From Data Buoys
Envirtech MKIII Data Buoys are tall, thin buoys that float upright in the water and are characterized by a small water plane area and a large mass. Because they tend to be stable ocean platforms, spar buoys are popular for making oceanographic measurements. In Envirtech ocean data acquisition systems, spar buoys are used to collect data from the sea bottom and to relay this data using satellites, such as Inmarsat or Iridium, to a control center on shore. The buoy assures a very stable platform for bidirectional communications to/ from the ocean bottom, and allows total remote control of deployed devices. Together with an Envirtech Tsunameter the MKIII is a reliable part of any marine tsunami warning system. The buoy survives to Cyclons (Beaufort 14-17 extend scale – checked with Typhoon Megi in 2010).

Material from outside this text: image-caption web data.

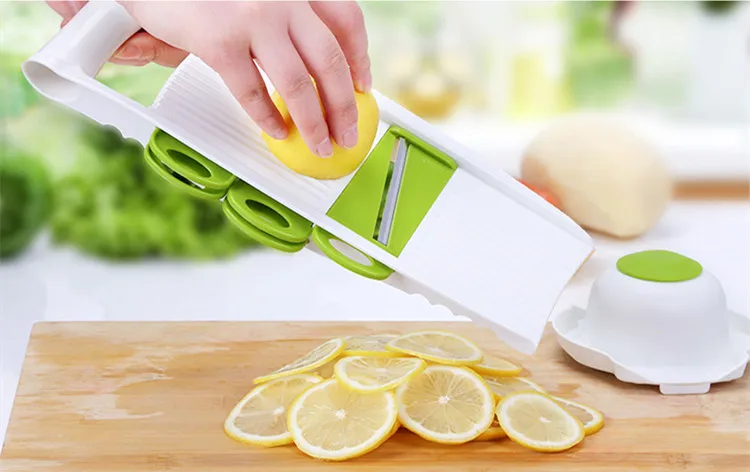 lemon slicers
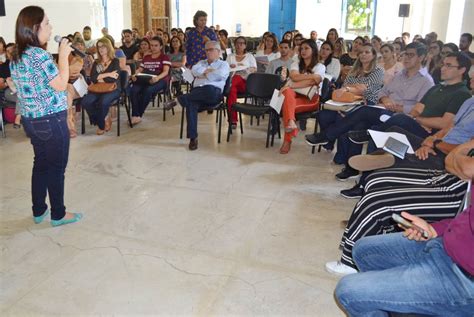 Volta Redonda lança Programa de Educação pelo Trabalho para a Saúde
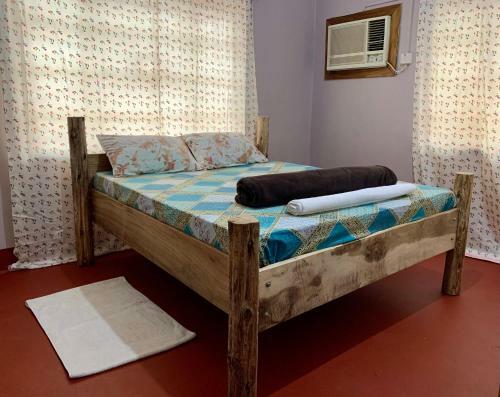 Pazuri Hostel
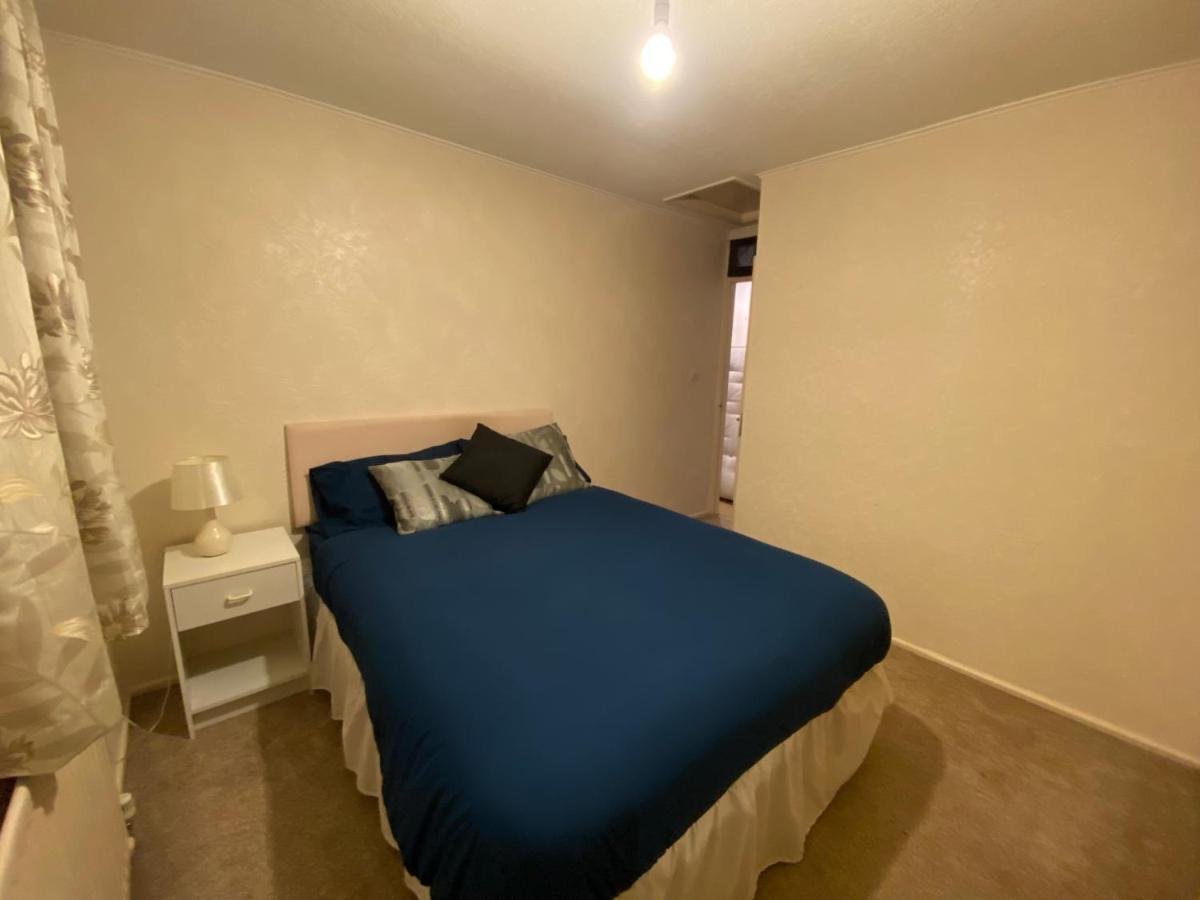 Serene 4Br In Harborne Close To Qe Hospital, Harborne Centre Birmingham Buitenkant foto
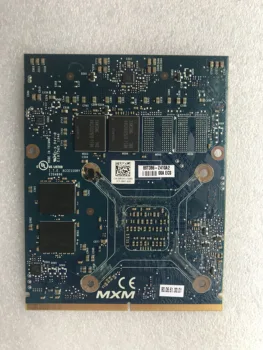 Original GTX765M GTX 765M N14E-GE-B-A1 Grafica placa Video de 2GB Pentru IMAC A1311 A1312 Dell Alienware M17X M18X 9R3F5 GDDR5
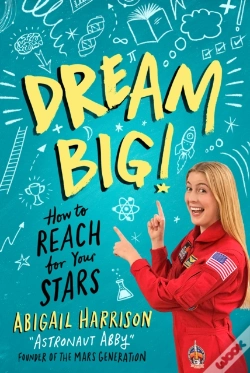 Capa do artigo Dream Big!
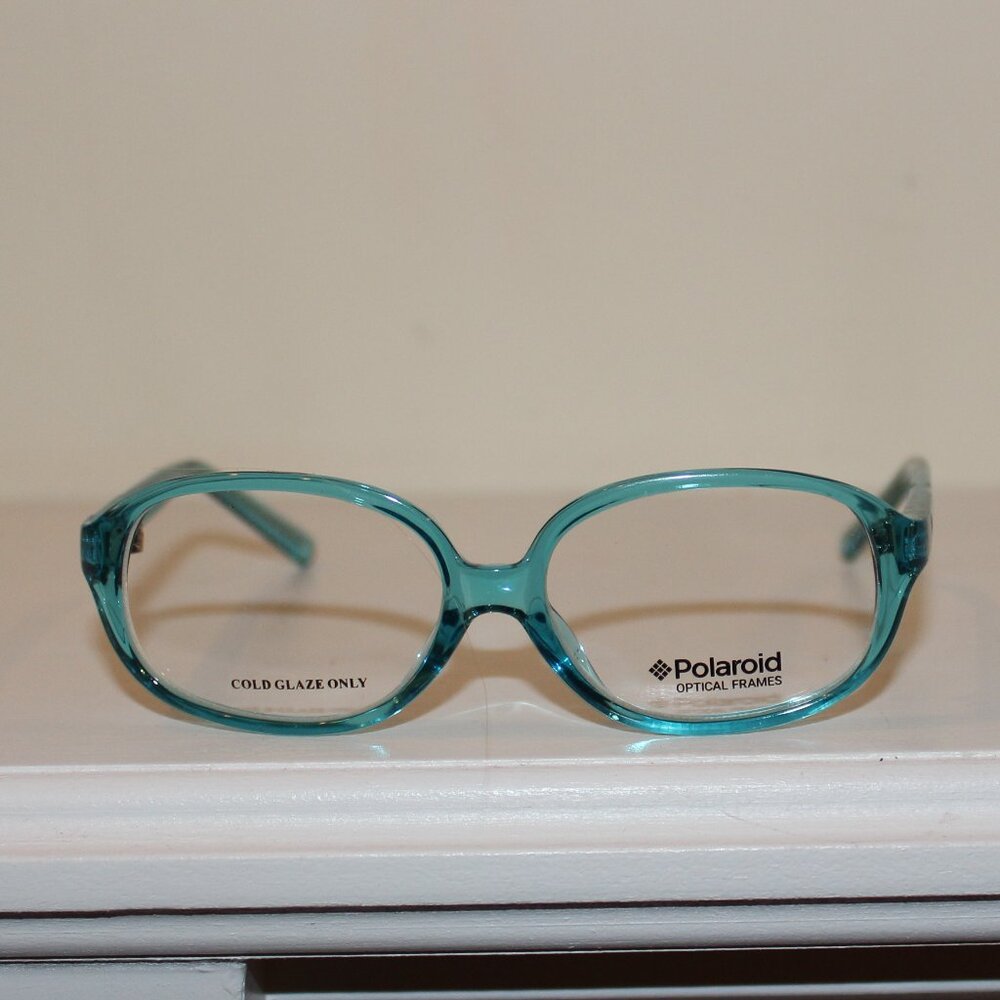 Polaroid Kid's Glasses (PLD D810)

The Envirtech buoy MKIII is composed of three main parts:
- A subsurface pole;
- A float (cone + cylinder) in the middle;
- A turret on the top.
The main advantages of this configuration for specific data relay applications are the following:
- The lower pole provide a reliable mechanical support for the acoustic modems and related cables: the acoustic transducers can be mounted at a depth of least 5-6m to get a reliable acoustic link.
- The top, central part of the float can contain the battery and electronic unit with related connectors.
- The turret on the top allows the mounting of solar panels, the satellite modems and additional devices such as a Wi-Fi interface, meteorological station, etc.
- The hydrodynamics of the buoy are characterised by small tilt movements: this provides a vertical, stable platform to optimise the performance of the acoustic link between the buoy and the underwater module that transfers the data related to the
- tide and tsunami detection.
The buoy can be optionally supplied with further payloads such as:
- A complete meteorological station (single or double)
- An ADCP for multi-cell current data collection
- Water quality multi-parameter probe
- The Envirtech MKIII consists of rotationally molded, foam-filled polyethylene floats, and an AISI316 stainless steel structure.
- The MKIII has been built to remain operational during super typhoons, with sea conditions up to Beaufort 14. In 2010, the buoy proved its great strength when the super typhoon Megi crossed its mooring position in the South China Sea.
- The MKIII has a redundant payload. This means it has double CPUs, double acoustic modems and double satellite transceivers. Inmarsat miniC and iridium are standard communications systems but optional alternative payloads can be supplied for Beidou (only for Chinese end-users) and Insat.
- The buoy is also available in the ETD (Easy To Deploy) configuration with reduced dimensions of all metallic parts and powered by lithium batteries instead of solar panels.